Monday’s ruling came after protests by environmental groups, including the Sierra Club, demanded Idaho Power invest in renewables and reduce demand rather than prolonging the life of the dirtier coal plant.

However, the commission decided Idaho Power’s proposed investments, at least at this time, were better for ratepayers and trumped alternatives proposed by the environmental groups.

“We don’t have a crystal ball,” Fadness said. “The commission has always felt that if utilities are acting on the best information they had at the time, then the commission doesn’t necessarily feel those costs have to be denied.”

Idaho Power, which owns one-third of the Jim Bridger coal-fired power plant near Rock Springs, Wyo., is under a federal Clean Air Act deadline meant to improve air quality in wilderness areas and national parks such as Yellowstone, located to the north of the plant.

PacifiCorp, which owns two-thirds of the Bridger plant, has already won approval from regulators in Utah and Wyoming for its share of the upgrades, due to be completed by late 2016.

Idaho Power spokesman Bill Shawver said the utility was pleased that regulators gave the company the go-ahead to move forward with the project, over the objections of environmentalists.

Regulators “acknowledged what we feel: That it’s still in the best interests of our customers and the company, from a cost perspective, to install the emissions control equipment,” Shawver said.

In a partial victory for environmental groups, the Idaho regulator declined to approve one request from the utility that would have virtually guaranteed that Idaho Power could recover the full $130 million investment. Allowing the so-called preferred ratemaking would have made it more difficult for Idaho Power to abandon these investments, even if stricter federal greenhouse gas limits made the controls a bad deal for ratepayers, the commission wrote in its 13-page decision.

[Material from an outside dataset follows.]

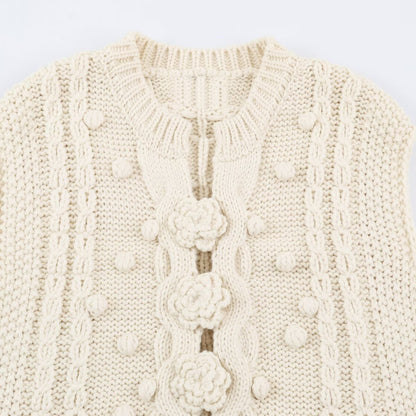 Women's knitted vest with cable pattern, flower appliqués and bobble texture EVA-US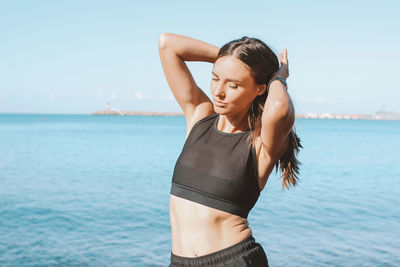 Young woman standing at beach against sky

“A tipping point could be reached making them uneconomic,” regulators wrote. “As the project moves toward completion … we direct Idaho Power to return to the commission if viable alternatives … become available.”

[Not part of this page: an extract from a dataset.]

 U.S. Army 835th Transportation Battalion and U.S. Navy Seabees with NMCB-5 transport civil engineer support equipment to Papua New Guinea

Asked if Idaho Power will ask regulators to reconsider preferred ratemaking, Shawver said the utility was still analyzing the ruling and no decision had been made.

Zack Waterman, director of the Sierra Club in Idaho and a key organizer of opposition to the utility’s investment in the coal plant, didn’t immediately return a phone call seeking comment.

The environmental upgrades are needed to comply with regional haze rules under the Clean Air Act, designed to improve visibility in national parks and wilderness areas. Those rules require controls to limit nitrogen oxide emissions by December 2015 on Jim Bridger Unit 3 and by December 2016 on Unit 4.